WHAT IS THIS ABOUT? I visited the sushi shop run by the second son of the legendary sushi master, Jiro Ono.
There are two branches of Jiro. The main one, at Ginza, is run by the famous Chef Jiro Ono, while the other, in Roppongi, is run by his son, Takashi, a Michelin 2-star sushi chef. I had the rare chance of visiting them both on consecutive days and I have already written about my experience at the main branch. As you might expect, there are similarities between the two. Both reserves the right to refuse late arrivals, so I again arrived more than half an hour early just in case, and both are tiny places, counter seats for 8 diners.
GOOD SUSHI? Absolutely! Extremely fresh fish, light acidity to the warm rice, and each piece was perfectly made.
But while there are some similarities, there are also many differences. For example, though both establishments claim to source fish from the same place each day, they actually serve several different types of fish, and the source of the sea urchin is also different.
The superb quality of the sushi served at Jiro Roppongi was evident from the very first dish, which was flounder – the moistness of the flesh was is a clear indication of its freshness. This was followed by squid which coincidentally was also my second sushi dish the night before at Jiro. And what a contrast! It was night and day. While it was tough and dry at Jiro’s, here it was soft and creamy! And this same theme continued throughout the whole meal. . . akame, chi-toro, clam, and tiger prawn where each bite was more enjoyable! In particular, the explosion of flavours from the prawn head was simply exquisite! What’s more, I found the rice itself much more enjoyable here, where the heavy use of vinegar had made me consider finishing my meal at Jiro’s.

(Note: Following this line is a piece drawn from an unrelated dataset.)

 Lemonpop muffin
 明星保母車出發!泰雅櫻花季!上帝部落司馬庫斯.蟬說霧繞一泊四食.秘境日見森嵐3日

But it wasn’t just the fish and rice that impressed me – the preparation of all ingredients was simply perfect. The gizzard shad had been marinated to give a delicately savoury feel, while the salmon roe had been bathed in fish stock to reduce its saltiness, leaving an elegant salmon aftertaste without being unpleasantly fishy. Then, the chef showcased a whole smoked bonito, which he sliced into pieces for our sushi. Every bite was so delightful that, by half-way through my meal, I had got the distinct impression that I had been ripped off the night before at his father’s shop!
OVERALL EXPERIENCE COMPARED TO JIRO? Easier to book, friendlier service, much better quality sushi. Oh, and for half the price!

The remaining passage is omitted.